Proposition. If a random variable $X$ with a Poisson distribution, show that:
i) $EX^{2}=\lambda E(X+1)$
ii) If $ \lambda =1$ then $E(|X-1|)$.
I have tried to do part $i)$, but I am having trouble concluding.

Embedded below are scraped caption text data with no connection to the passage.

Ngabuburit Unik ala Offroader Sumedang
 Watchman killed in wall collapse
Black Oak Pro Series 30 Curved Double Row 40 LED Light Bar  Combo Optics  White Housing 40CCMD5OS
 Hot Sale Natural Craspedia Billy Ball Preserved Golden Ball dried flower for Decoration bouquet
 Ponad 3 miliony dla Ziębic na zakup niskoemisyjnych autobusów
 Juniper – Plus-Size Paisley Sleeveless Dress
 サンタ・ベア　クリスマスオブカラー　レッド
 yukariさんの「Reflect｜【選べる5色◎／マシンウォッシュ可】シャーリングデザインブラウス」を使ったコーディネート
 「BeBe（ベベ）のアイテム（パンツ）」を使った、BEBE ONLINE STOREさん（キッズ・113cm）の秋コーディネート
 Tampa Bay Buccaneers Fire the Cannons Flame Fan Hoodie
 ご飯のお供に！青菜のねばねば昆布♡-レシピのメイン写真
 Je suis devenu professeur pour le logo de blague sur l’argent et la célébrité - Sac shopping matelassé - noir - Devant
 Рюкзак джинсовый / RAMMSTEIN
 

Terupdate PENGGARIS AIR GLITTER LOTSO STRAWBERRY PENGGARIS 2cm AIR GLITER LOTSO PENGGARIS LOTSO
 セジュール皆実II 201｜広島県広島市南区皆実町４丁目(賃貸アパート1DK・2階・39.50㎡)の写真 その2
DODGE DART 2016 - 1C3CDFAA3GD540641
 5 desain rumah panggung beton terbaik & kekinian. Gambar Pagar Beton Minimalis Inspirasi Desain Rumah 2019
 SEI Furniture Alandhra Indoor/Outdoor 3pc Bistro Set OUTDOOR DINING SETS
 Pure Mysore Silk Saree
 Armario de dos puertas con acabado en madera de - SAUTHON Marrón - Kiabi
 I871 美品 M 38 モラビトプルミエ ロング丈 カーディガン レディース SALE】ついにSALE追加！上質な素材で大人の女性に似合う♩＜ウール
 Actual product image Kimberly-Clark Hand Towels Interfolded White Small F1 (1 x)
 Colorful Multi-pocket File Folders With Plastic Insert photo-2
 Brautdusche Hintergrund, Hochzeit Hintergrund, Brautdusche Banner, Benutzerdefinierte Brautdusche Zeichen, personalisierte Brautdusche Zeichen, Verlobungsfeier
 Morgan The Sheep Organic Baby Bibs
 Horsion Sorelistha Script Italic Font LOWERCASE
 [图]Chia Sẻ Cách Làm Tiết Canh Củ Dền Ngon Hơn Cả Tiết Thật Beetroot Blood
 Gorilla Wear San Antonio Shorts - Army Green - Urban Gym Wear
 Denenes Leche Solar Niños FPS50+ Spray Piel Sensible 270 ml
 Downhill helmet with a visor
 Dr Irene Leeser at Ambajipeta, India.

Since $\frac{d}{dt} M_{X}(t)=E[e^{tx}]=e^{-\lambda}e^{\lambda e^{t}}$, now let;
$E(X^{2})=\frac{d^{2}}{dt^{2}}M_{X}(t)=\lambda\frac{d}{dt}(e^{t}M_{X}(t))=\lambda \left[e^{t}M_{x}(t)+e^{t}\frac{d}{dt}M_{X}(t) \right]=\lambda[e^{t}\left ( M_{X}(t)+\frac{d}{dt}M_{X}(t) \right)]=\lambda \left[e^{t} \left(\sum_{k=0}^{\infty}e^{tk}e^{-\lambda}\frac{\lambda ^{k}}{k!} +\lambda \right) \right]$
I would like to get a suggestion or alternative solution
The PGF $G_X(t)=Et^X=e^{\lambda(t-1)}$ is easier to analyze: $EX=G_X^\prime(1)=\lambda$ and $EX(X_1)=\lambda^2$, so $EX^2=\lambda(\lambda+1)$ as i) said. For ii) note$$E|X-1|=E(X-1+2\delta_{X0})=\lambda-1+2P(X=0)=\lambda-1+2e^{-\lambda},$$which for $\lambda=1$ is $2/e$ as @callculus said.